Ask HN: Good Reading for Young People about Science? - tokenadult

Another thread here reminds me to ask about reading suggestions for my third son (age eleven, reading level at senior high school level) who is passionate about science. What books or magazines or websites (in English or in Chinese) are especially good for young people to read to help them better understand the process of science, learn more science facts, or build deeper ability in reasoning about scientific literature? What did you enjoy reading about science when a teenager? What sources have surprising and interesting information about science that more people should know? All suggestions much appreciated.
======
CWuestefeld
Some of my earliest memories are of my grandfather reading to me from _Sky and
Telescope_ magazine (not that I was understand very much of it). I'm told that
this is actually how I was potty trained. Even if I didn't understand, there
was a certain amount of romance, I suppose.

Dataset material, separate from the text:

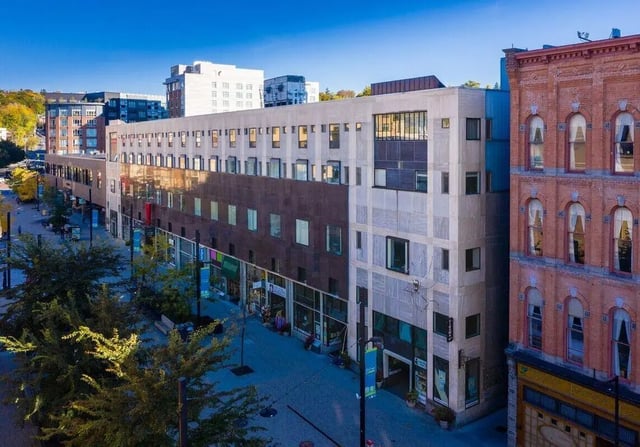 Modern building with retail windows exterior at 407 College Ave in Ithaca Student Accommodation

And from my grandfather more broadly, I got a both an interest and some
background. He was involved in the Hubble Telescope, spy satellites, and the
like. So I think that the example and influence of someone knowledgeable and
enthusiastic is very important.

On my own, I read a lot of science fiction, which gave a mystique and romance,
as well as some real information and knowledge, at least in the "harder" sub-
genre. And I remember as a teenager subscribing to _Omni_ magazine, devouring
both the factual articles and the fiction.

Unfortunately, I also remember teachers that fed us science as facts, rarely
sparking wonder or amazement at how the world actually works. I think that
institutionally, the educational system for science is broken.

------
bartonfink
When I was a little younger than your son, my parents got me a book called The
Third Millennium which was absolutely fascinating. It's basically a "history"
written from the perspective of someone in the year 3000 looking back on how
science and society changed in the years 2000-3000.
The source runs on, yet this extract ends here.